Czechy: Rozpoczęła się "inteligentna kwarantanna". Na czym polega?

– Nie jesteśmy w stanie zidentyfikować dwóch z sześciu kontaktów – powiedział Prymula. Podkreślił, że wykorzystanie danych od operatorów komórkowych możliwe jest tylko za zgodą zainteresowanego.
Można też wykorzystać dane pochodzące z aplikacji "e Maseczka", którą zainstalowało dobrowolnie 150 tys. osób. Działa dzięki połączeniom bluetooth i zapamiętuje inne telefony z aplikacjami, które były w pobliżu. Nie wysyła na bieżąco danych o lokalizacji, które można wykorzystać po uzyskaniu odpowiednich indywidualnych zgód. "e Maseczka" jest dostępna tylko dla telefonów z systemem operacyjnym Android.

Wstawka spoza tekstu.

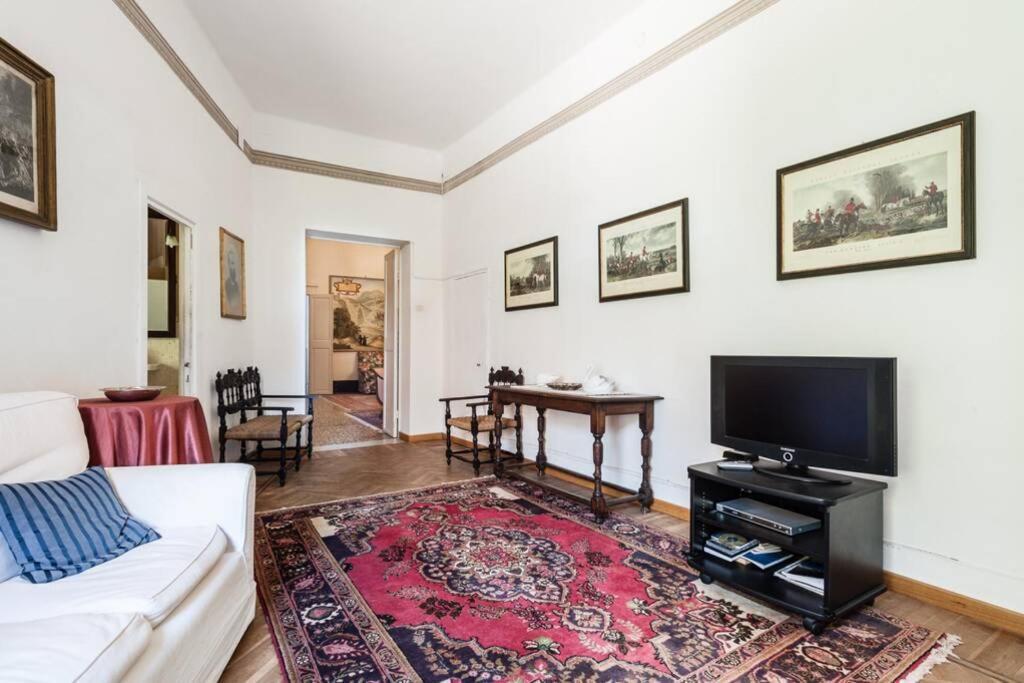 Villa Ott Crespina Luaran gambar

Uruchomienie systemu planowano po świętach Wielkanocnych. Według Prymuli pracownicy stacji sanitarno-epidemiologicznych musieli nauczyć się nowej technologii i dlatego potrzebne były testy, początkowo ograniczone do jednego kraju (województwa), a stopniowo rozszerzane terytorialnie. Inspiracją były systemy wdrożone w Korei Południowej oraz w Izraelu.